Based on our knowledge of Webster, it’s not surprising, according to Lueders that “Webster did not respond to a request to explain the discrepancies in these accounts.”
The previous year’s report, the last year of the Doyle administration, was released in November 2010 – on time and a full seven months earlier than the comparable report released by Webster.
What were Webster, and her boss, Scott Walker hiding? 
Money.  Lots of money.
$363.8 million dollars was paid to private contractors instead of state agencies – agencies which are staffed with public employees – Walker’s political enemies. This outlay represented a 26 percent increase in spending on outside contractors over the previous year. 

Strike 3 and You’re Out Promoted
One value that Webster and Walker hold in high regard is consistency. They tell their story the way they want to tell it – facts be damned.  If a bit - or a lot of dishonesty is required to tell a tale – so be it.
Just after Walker’s recall victory it was announced that the recently created Wisconsin Economic Development Corporation - WEDC, Walker’s quasi-governmental agency, designed to shift taxpayer dollars to corporations, had offered tax incentives to Skyward, a Stevens Point educational data development company.
Skyward had been promised an $11.7 million tax break from the Walker administration contingent on winning a state contract.
Interestingly, even though public records show that the multi-million offer was made by the State to Skyward, Jocelyn Webster stated:
"To be clear, Skyward did not receive any firm commitment, monetary awards, or tax incentives from WEDC."
Webster also claimed that a March 2012 letter to Walker informing him of the deal was never received by the Governor.
Webster’s third lie did not lead to her dismissal from the Walker Administration and an ignominious exit from Wisconsin, for in Walker’s world mendacity leads to the brass ring.  
Within weeks of maintaining that Walker never received the communication confirming Skyward’s tax break, Webster was promoted to his very own Director of Communications. 
Now Webster resides in Walker’s inner sanctum, where she will be able to utilize the dark arts of political communication, which she has learned from her variety of experiences - with her ALEC-connected lobbyist father, from her one year and two investigations in Karl Rove’s White House, to her time as a “Surrogate” at the Pentagon where she manipulated the media in support of torture and the Iraq War.
And the journalists who sit on their asses - day in and day out at the Wisconsin State Capitol reported nothing about this political operative’s background.

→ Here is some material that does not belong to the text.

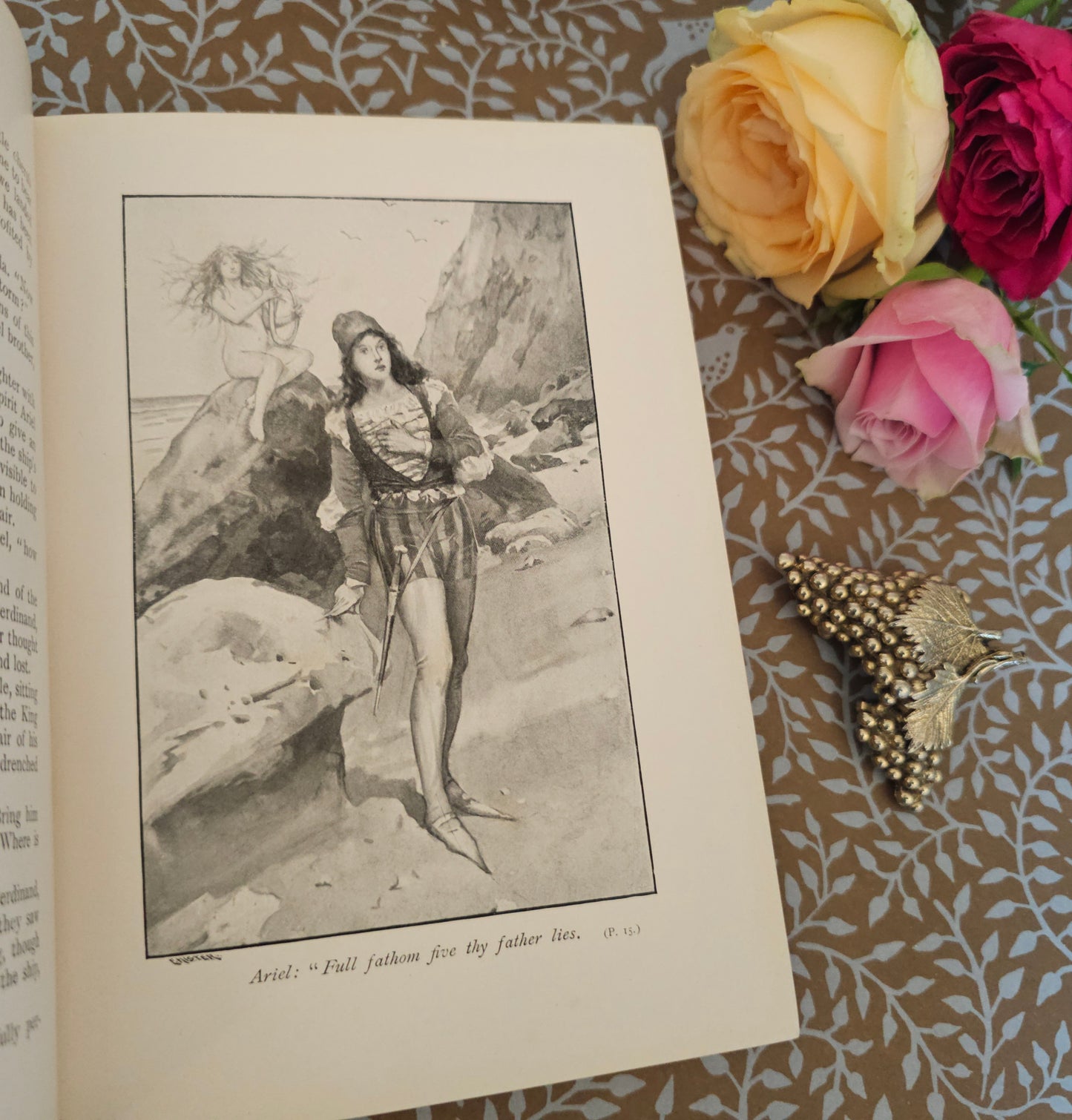 1898 Tales From Shakespeare by Charles & Mary Lamb - Numerous Illustrations by W Paget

Why don't reporters pursue stories that touch on the ethics of our political leaders?
Jason Stein, the WCCA President, in an exchange with a colleague of mine about the relationship of the WCCA to those in power, said that the Capitol reporters wished to do nothing that would damage their privileged relationship with the government.
The Capitol reporters have elevated their relationships with public servants above their relationships with their readers, the voters of the state, and the Constitution.
But the ultimate relationship of the press is with money. 
Stein’s employer saw revenues soar during the recall campaign.  Steven Smith, Chairman of the Board and CEO of Journal Communications, the parent of The Milwaukee Journal Sentinel, WTMJ 620AM, and TMJ4, reported increased operating earnings driven in large part by political advertising.
Smith also sits on the executive board of the Metropolitan Milwaukee Association of Commerce, which gave $437,000 to Walker’s during the recall race, via the Republican Governor’s Association.
With all this money invested in the Walker, and the stream of millions in political advertising revenue, it’s no surprise that Stein’s boss, and his newspaper endorsed Scott Walker.
Did all those millions influence Stein and the Capitol reporters to sit on their hands when they should have been researching and writing about Walker’s latest political appointee - Jocelyn Webster - and made them miss the story – again?